Monday, December 14, 2009
Throw A Rock In Here You'll Hit One
I’ve never gotten around to writing about BARTON FINK, but maybe there’s never been a reason to until now. Seeing it again at this point is probably my first viewing from beginning to end for quite some time but I think the film is always running on a continuous loop in my head anyway. The first time I ever saw it was at the now-gone Coronet Theatre in New York back in August 1991--I think it was opening night. Two hours after the film began I emerged out onto the street feeling absolutely shattered, unable to put into words how I felt about what I’d just seen. Needless to say there have been many viewings after that and I also went as the character for Halloween a few times—yes, I carried a box and whenever anyone asked what was in it I simply replied, “I don’t know.” Maybe a handful of people even figured out who I was supposed to be. Now suddenly the extent to which it’s a true favorite has come to mind as I wonder just how much the whole thing has really seeped into my head (appropriate, considering the movie) over the years. How much do I really identify with this film, this character? Strange but hey, what do you expect a guy in Hollywood who’s just been laid off close to Christmas to think about? At least I don’t have to pretend to care about reality TV anymore. Not that I ever really bothered to pretend. I never cared about reality TV. It has no place in the life of the mind anyway.
Winning the Palme d’or at Cannes in ’91, the film was somewhat famously written by Joel & Ethan Coen during downtime as they were crafting the screenplay to MILLER’S CROSSING. Having trouble cracking their increasingly labyrinthe scenario, they came up with this as a sort of response. Gabriel Byrne’s apartment building in that film is noticeably called the “Barton Arms” and the result of that writers block led to one of their most acclaimed works, even more than the film they were supposed to be focusing on at the time. It may have been eventually overshadowed by some of the pair’s subsequent films in pop culture but at least it did inspire a particularly good joke on THE SIMPSONS and I’ve certainly quoted reams of dialogue from it over the years. I may love their first three films—BLOOD SIMPLE, RAISING ARIZONA and MILLER’S CROSSING--but looking at BARTON FINK really does seem like the beginning of a truly adventurous creative path that the Coens continue down today. I don’t know how personal this one film is for the men who created it and they’ve never really said. It doesn’t really matter anyway, considering how personal it’s been for me since that very first time.
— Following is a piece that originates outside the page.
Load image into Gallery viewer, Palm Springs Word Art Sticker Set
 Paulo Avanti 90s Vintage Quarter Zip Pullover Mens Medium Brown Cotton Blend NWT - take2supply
Even looking at it now, I watch a few minutes now and I can’t shut it off even as if I feel like it’s strangling me from the insides even more than it used to? Am I contradicting myself? Maybe. Did I ever realize that my apartment is, after all, suspiciously similar to Barton’s hotel room where most of this movie takes place? Did I know at the time that I was basically moving into the Hotel Earle? Absolutely. But what the hell does that mean, anyway? Orphan? Dame? Which is it?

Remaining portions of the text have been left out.